"I've noticed that quite a lot of people who are prominent in the animal liberation movement are Jews. Maybe we are simply not prepared to see the powerful hurting the weak." --Peter Singer (Author, Animal Liberation)


The Hills Are Alive With the Sound of Jew-Punk

If Tuesday’s post about 10 Jewish punk bands and my follow-up featuring Di Nigunim’s Forest Borie tickled your fancy, feast your eyes on these updates about the thriving subculture of Jewish punk.

In August—at the same time Di Nigunim will be taking the West Coast by stormCAN CAN will be playing shows in Louisville, Chicago, Indianapolis, New Jersey, Baltimore, Philadelphia, Providence, Long Island, New York City, and North Carolina.

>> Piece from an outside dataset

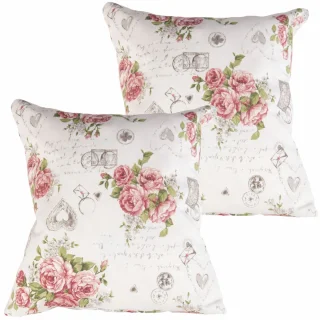 Zestaw jaśków dekoracyjnych na kanapę z motywem kwiatowym w kolorze różowym na białym tle.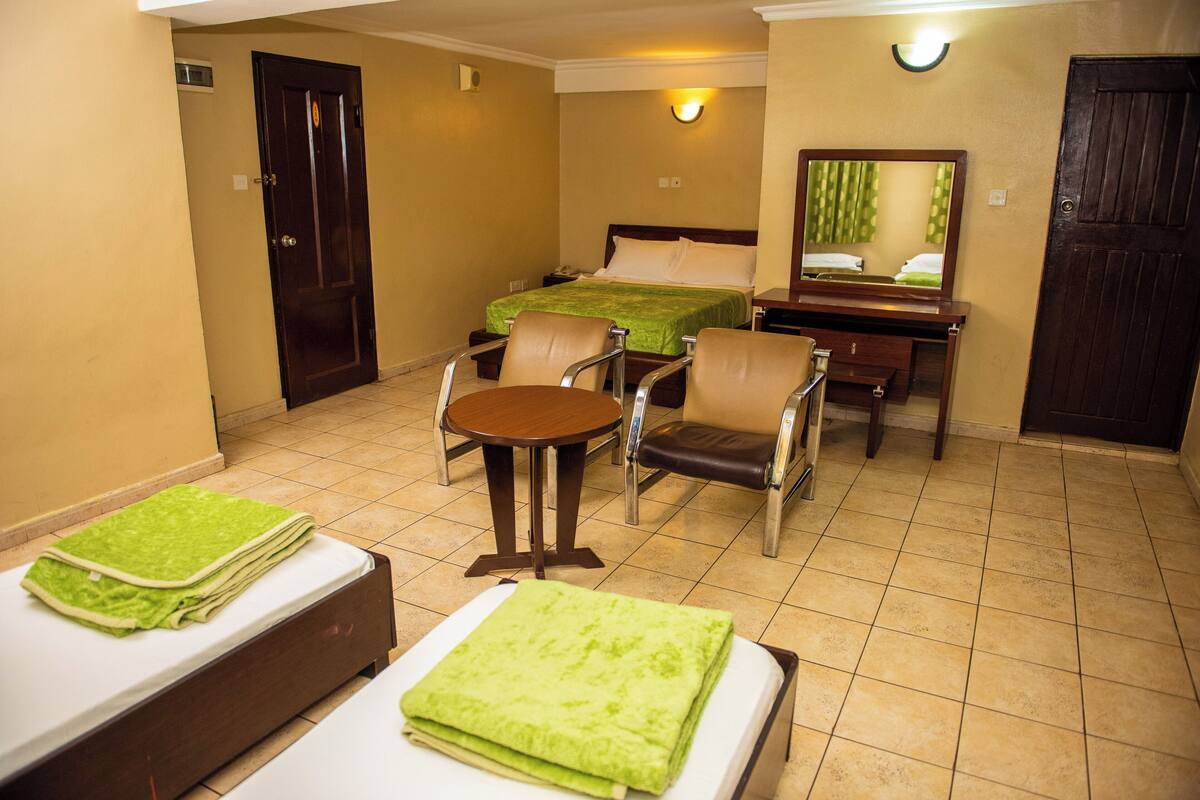 A hotel room with a bed, a desk, a chair, a table, and a mirror.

Check CAN CAN’s MySpace page for details. CAN CAN has a new album called Monsters & Healers in the works, and frontman Patrick A. continues to do great things with Punk Torah.

Moshiach Oi! Album
Better Get Ready, the debut album from Torah hardcore band Moshiach Oi!, will officially be released on August 25 as part of Shemspeed’s Summer Music Festival in New York. If you want Moshiach Oi! now and you don’t want to wait, you can download songs or the entire album from Rhapsody or Amazon. Click here to watch a one-minute promo video featuring the song “Moshiach Oi.”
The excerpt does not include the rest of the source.